El legado del apoyo estadounidense a Pakistán durante la jihad afgana fue la creación de un stock de armas impresionante, lo que convirtió a Pakistán y Afganistán en una de las sociedades civiles más armadas del mundo. Además, Pakistán tuvo que acoger a millones de refugiados afganos durante la guerra civil en su vecino, lo que afectó negativamente a su economía. Los talibanes, como segunda generación de los muyahidines, crecieron en este ambiente de guerra, y es esencial comprender que, si bien Estados Unidos fue un principal proveedor de medios para la resistencia armada, también compartió la responsabilidad del ascenso de los “fundamentalistas” en Afganistán. Solo cuando esos mismos "fundamentalistas" empezaron a amenazar los intereses estadounidenses en otras partes del mundo, fue cuando se reconocieron las consecuencias de la estrategia afgana de Estados Unidos.

En 1974, tras las pruebas nucleares de la India, Pakistán aceleró su propio programa nuclear. Durante el gobierno de Zia, con una significativa ayuda estadounidense y posiblemente la colaboración de China, Pakistán logró enriquecer uranio a nivel de armas nucleares. A pesar del apoyo estadounidense en la guerra afgana, el Congreso de Estados Unidos mostró reservas respecto al programa nuclear de Pakistán. En respuesta, algunos senadores propusieron legislación para frenar el desarrollo nuclear de Pakistán, que culminó en la Enmienda Pressler de 1990, que establecía un cese de la ayuda estadounidense en caso de que Pakistán desarrollara armas nucleares.

Este endurecimiento de la postura estadounidense hacia Pakistán fue percibido por el pueblo pakistaní como una traición, ya que Estados Unidos, después de haber usado a Pakistán para derrotar a la URSS, abandonó su aliado cuando este comenzó a desarrollar su capacidad nuclear. En consecuencia, Pakistán comenzó a ver a Estados Unidos como un aliado poco confiable, que no compartía sus preocupaciones de seguridad, especialmente respecto a la postura hostil de la India, un estado nuclear que había librado tres guerras contra Pakistán.

Lo irónico es que la relación más sólida entre Estados Unidos y Pakistán se dio durante las dictaduras militares pakistaníes. Durante los gobiernos democráticos de Zulfiqar Ali Bhutto, Benazir Bhutto y Nawaz Sharif, la relación con Estados Unidos fue más tensa y marcada por períodos de aislamiento. En este contexto, la guerra fría y la lucha por la influencia en Asia Central se reflejaron en la forma en que ambos países interactuaban. A medida que la India comenzaba a transformarse en una economía de mercado y Estados Unidos veía a este país como una oportunidad de inversión, Pakistán miraba con desconfianza el acercamiento entre Washington y Nueva Delhi. Esta desconfianza se intensificó con el tema de los aviones F-16, cuya venta fue prometida pero nunca entregada, lo que alimentó la frustración y el resentimiento en Pakistán.

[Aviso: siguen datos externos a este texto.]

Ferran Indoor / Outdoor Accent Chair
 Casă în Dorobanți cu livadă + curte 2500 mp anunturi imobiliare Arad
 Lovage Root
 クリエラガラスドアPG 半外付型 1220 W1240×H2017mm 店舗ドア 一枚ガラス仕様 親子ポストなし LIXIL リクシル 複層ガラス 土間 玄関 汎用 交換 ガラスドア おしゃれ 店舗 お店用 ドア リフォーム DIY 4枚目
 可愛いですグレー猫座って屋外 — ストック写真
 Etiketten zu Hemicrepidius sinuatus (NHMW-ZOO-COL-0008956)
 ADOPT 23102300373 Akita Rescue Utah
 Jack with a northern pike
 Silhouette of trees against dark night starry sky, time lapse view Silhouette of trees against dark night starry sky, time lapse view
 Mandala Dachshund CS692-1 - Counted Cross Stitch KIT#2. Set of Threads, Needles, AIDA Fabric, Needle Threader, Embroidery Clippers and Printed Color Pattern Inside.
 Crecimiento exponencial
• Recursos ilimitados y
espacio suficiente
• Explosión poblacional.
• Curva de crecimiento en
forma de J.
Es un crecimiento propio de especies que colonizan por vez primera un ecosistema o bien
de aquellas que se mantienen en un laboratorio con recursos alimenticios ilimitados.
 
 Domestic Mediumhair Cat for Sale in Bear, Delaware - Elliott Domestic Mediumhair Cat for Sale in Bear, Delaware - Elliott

La relación entre ambos países continuó siendo compleja durante las décadas siguientes, especialmente después de las pruebas nucleares de Pakistán en 1998. Aunque Pakistán había sido un aliado clave durante la Guerra Fría, la era post-guerra fría trajo consigo nuevas tensiones y desafíos que definieron el curso de su historia reciente.

Es crucial comprender que, en las relaciones internacionales, los intereses estratégicos pueden cambiar rápidamente, lo que lleva a alianzas y rupturas. En el caso de Estados Unidos y Pakistán, su relación ha sido moldeada no solo por intereses geopolíticos, sino también por cuestiones internas y por la dinámica de poder en la región del sur de Asia. Además, el legado de la Guerra Fría y la intervención en Afganistán sigue siendo una sombra sobre sus interacciones actuales, especialmente en lo que respecta a la lucha contra el terrorismo y la proliferación nuclear.